Kata is one of the foundations of karate. Generally speaking, people that have a good understanding of kata, have a good understanding of karate and usually a good understanding of effective technique.
However, kata tends to be one of those things that you either love or hate! Whatever your view on kata, one thing is for sure. Kata is something that can always be improved.
This article is designed to help you improve your kata, one step at a time. If you can achieve the following 10 easy steps then you will be on your way to performing kata at your very best.
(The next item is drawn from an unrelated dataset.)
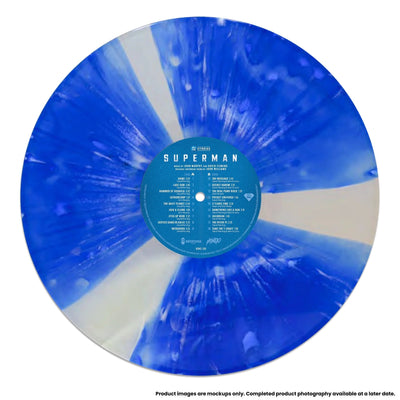 Superman (Original Motion Picture Soundtrack) (All-Star Red & Blue Vinyl 2xLP)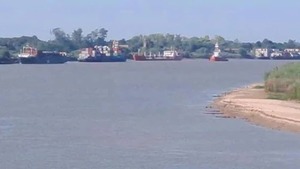Reportan crisis de navegabilidad en zona de Paso Bermejo - 1000 Noticias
1. Bow before you perform!
You should always bow before you begin your kata. Bowing is required before you enter the tatami. If you are competing at competition, or performing in front of the class, it is good practice to bow as you enter the tatami. You should also bow again at your starting position. The first bow is a sign of respect to your club and training area. The second bow is a sign of respect to your Sensei.
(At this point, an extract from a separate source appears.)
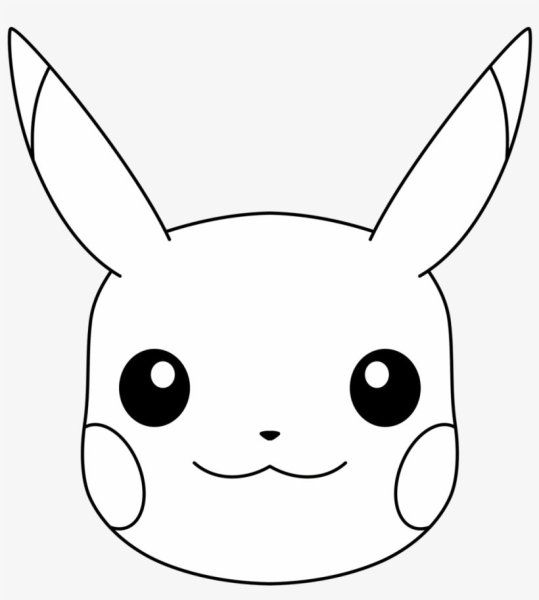 Мордочка Пикачу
2. Announce your kata in a loud voice!
The beginning of your kata is where you set the stage for the show. By announcing your kata in a loud voice with some feeling, you show your Sensei that you are serious about your karate. Announcing your kata in a loud voice gives you confidence and inspires you do perform at your best.
3. Compose yourself.
After you have announced your kata, take a few seconds to compose yourself, clear your mind of everything but your kata and focus on the task at hand. Make sure you are breathing slowly and deeply. Your kata should start with an outward breath.
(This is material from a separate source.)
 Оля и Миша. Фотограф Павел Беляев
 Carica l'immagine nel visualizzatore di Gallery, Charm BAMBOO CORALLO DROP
4. Pause slightly at the end of each direction.
This helps you with the timing of your kata. By pausing after each series of techniques, you regain your composure before you proceed with the next series of movements. Of course there are katas that require immediate changes in direction without a pause, but as a general rule, pause slightly at the end of each direction. This will prevent you from 'rushing' through your kata.
5. Look where you are going!
Imagine you are really fighting your opponent. If you remember this, it will prevent you looking at the floor (usually a lack of confidence) or up to the left (often a sign of visualising the next move). If you were really fighting an attacker, you would be looking directly at them. Your kata should be no different. Focus on your target.
6. Kiai and feeling.
Your kiai is one of the most critical parts of your kata. Your kiai signifies your 'killing blow'. This is the technique into which you put all of your effort. It is the technique that everyone remembers if you do it properly. A strong kiai with 'feeling' shows that you are using all available energy to deliver your technique, just as you would if it was in fact a 'killing blow' to a real life attacker.
7. Know your bunkai.
It is equally important that you understand the movements of your kata. Do you know what every single movement represents? If not, learn the bunkai! How can you expect to perform at your best if you don't know exactly what you are doing? By understanding every single movement and the real life application from which kata is derived will help you perform better. Practice all bunkai that you don't understand until it becomes second nature. This again will help you imagine you are actually fighting a real opponent.
8. Return to the start position.
Your kata finishes by returning to your starting position, followed by a bow to your Sensei. It does not finish at the last move of the final direction! Make sure after your 'final' move, you return to your starting position and then make a bow to show your Sensei that you have finished the kata. You should then wait in yoi dachi for author instructions from your Sensei. Avoid finishing the kata and just walking off the tatami at all costs!!
9. Practice small series of movements.
Katas are complex. Most have around 30 - 60 moves, sometimes more. It's a lot of movements to learn in one hit. Make sure you write down each movement of your kata after you learn it. Then break down your kata into series of 5-6 movements and practice each series until it becomes second nature. This is an effective way to learn your kata.
By running through your kata from start to finish, you will be aware of things you do wrong at the beginning and at the end (this is what the human brain does!). So all those middle bits of your kata that need improving actually receive the least amount of attention. By breaking your kata into series of movements, you can concentrate on perfecting each chunk. Once you are happy with each block of movements, put it all together and practice it as a whole.
10. Ask for help!
If you don't know what the bunkai is for a particular part of your kata, or if you are unsure about the correct stance, don't just take a guess at it. Many students skip over, or rush movements that they are not familiar with, hoping their Sensei won't notice. Let me tell you now... Your Sensei notices everything! If you aren't sure about something, ask! As my Sensei says, "There are no silly questions, just silly mistakes."